T1 mapping, a cardiac magnetic resonance (CMR) imaging technique, can serve as a useful biomarker for detecting myocardial fibrosis and poorer heart function in young patients with Duchenne muscular dystrophy (DMD) and other cardiomyopathies, according to a new study.
The study, “Native T1 Values Identify Myocardial Changes And Stratify Disease Severity In Patients With Duchenne Muscular Dystrophy,” was published in the Journal of Cardiovascular Magnetic Resonance by investigators from research units in Washington, D.C.
DMD is characterized by loss of muscular function, including in the heart and lungs, and mortality in this disease is associated with cardiopulmonary failure due to cardiomyopathy and restrictive pulmonary disease. But at younger ages, the development and progression of dilated cardiomyopathy can be variable, and markers of disease onset can help to predict its severity.

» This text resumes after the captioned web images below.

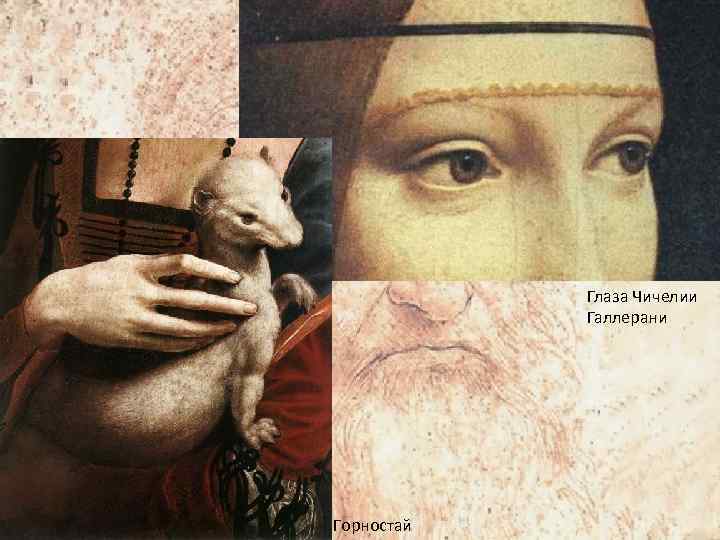 Глаза Чичелии Галлерани Горностай 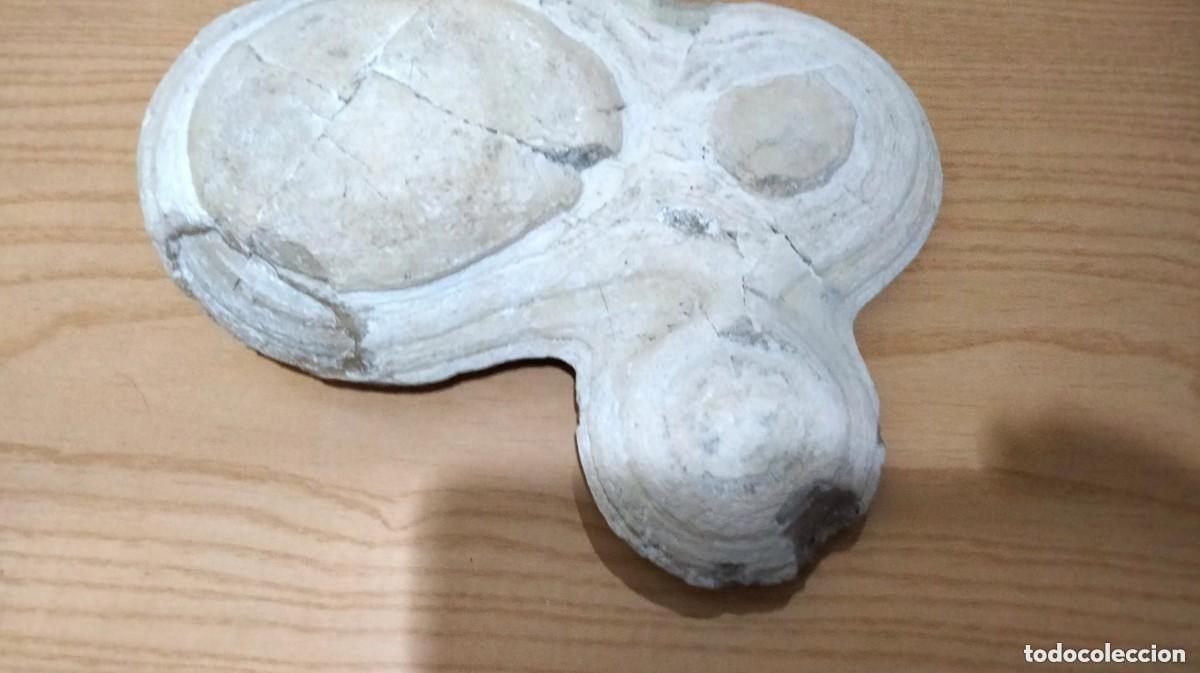 Coleccionismo de f&oacute;siles: fosil de la Tierra blanca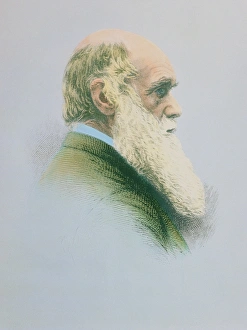 Charles Darwin Charles Darwin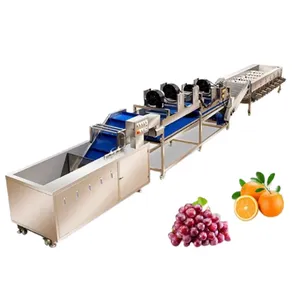 Sorting Grading Machine for Large Fruit Grapefruit Pomelo Cantaloupe Coconut Fruit Weight Classifier Fruit Processing Line Optical Sorter thumbnail-1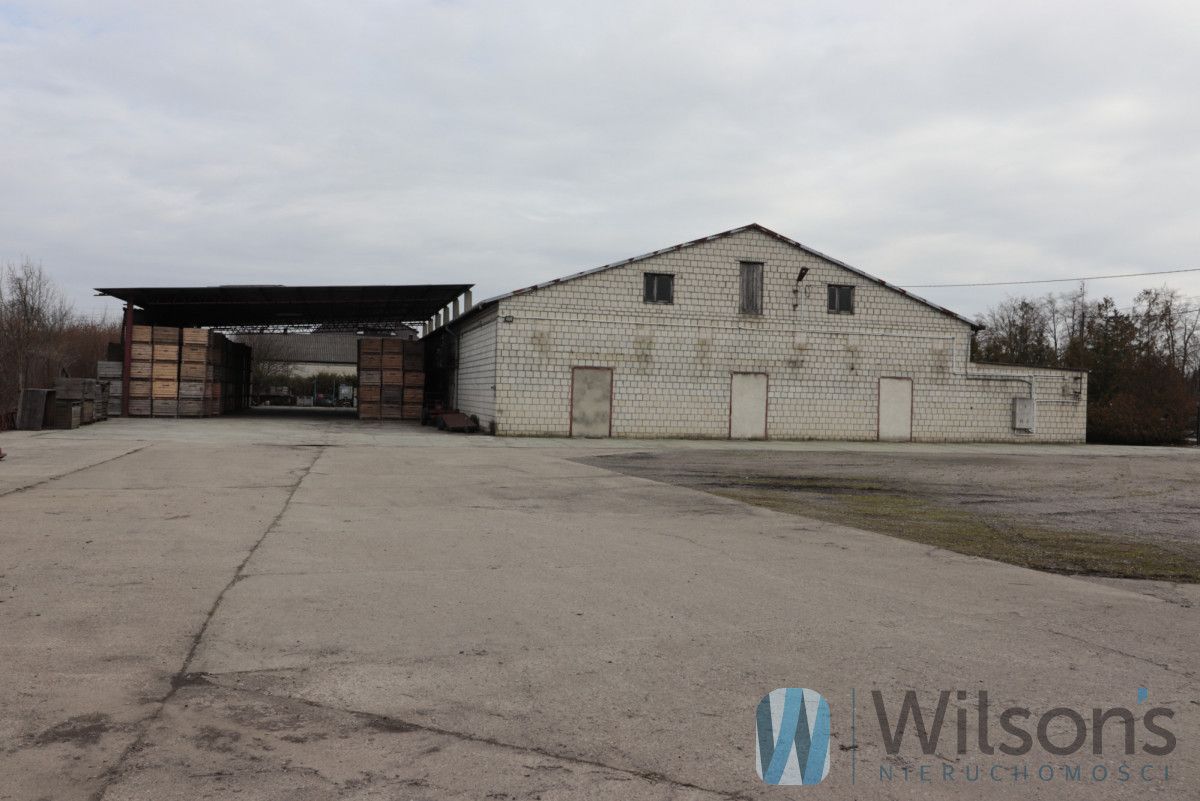 Hala/magazyn Grójec, ul. Warecka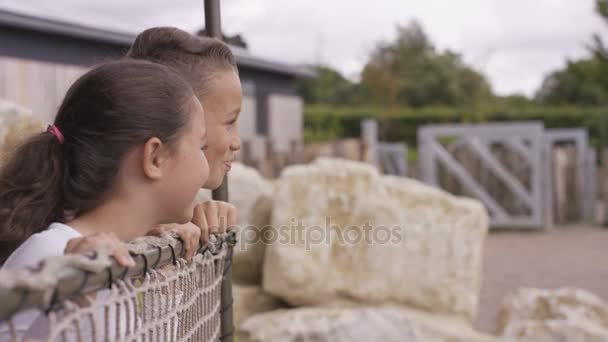 Boldog Kis Fiú Lány Látszó Állat Kamrában Wildlife Park — Stock videók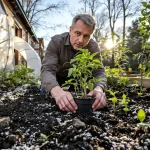 Saints de glace 2026 : les dates a connaitre pour faire son potager, et les explications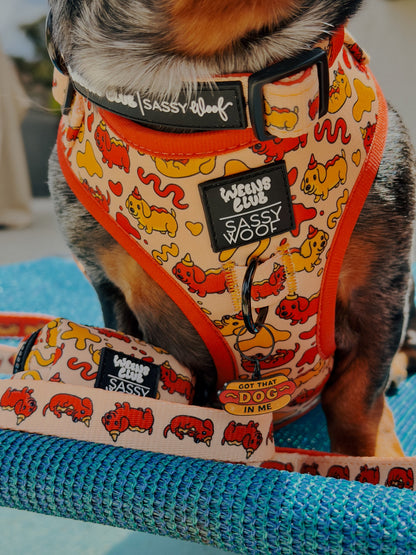 Dog Four Piece Bundle - Hot Dawg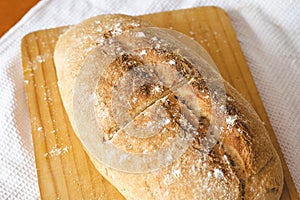 Homemade freshly baked bread. Chilean bread photo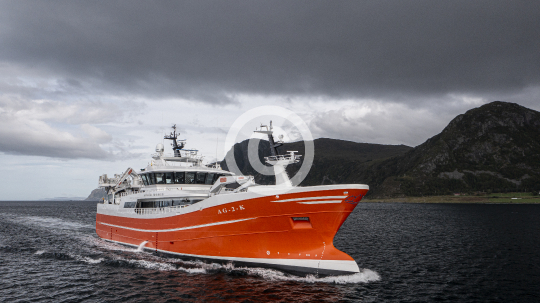 Sille Marie 521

DMD cardiomyopathy therapies require assessment of the left ventricle (LV) to detect changes in the extracellular matrix (ECM) as myocardial changes associated with cardiomiopathy. However, current measures of LV remodeling are limited.
The study compared the ability of T1 mapping and extracellular volume (ECV; a recent technique to measure myocardial changes) measurements to differentiate risk of myocardial disease in DMD patients and a control group.
It included 20 boys with DMD and 16 age-matched boys, with potential cardiac problems but no predisposition for cardiac fibrosis, underwent CMR with contrast. The examination included left ventricular ejection fraction (LVEF), left ventricular mass, and presence of late gadolinium enhancement (LGE).
Results showed that both T1 and ECV values were significantly higher in the DMD group. However, while increased in these patients, ECV could not distinguish disease severity within the DMD group, whereas T1 demonstrated a 50 percent increase in the ability to predict disease state between the control group, and DMD patients with or without fibrosis.
“Native T1 values can be measured with CMR and used to assess myocardial changes, including fibrosis and inflammation, and disease state … making this a viable, quantitative measure of subclinical disease without the use of contrast that could be used to monitor early cardiac therapies,” the researchers wrote.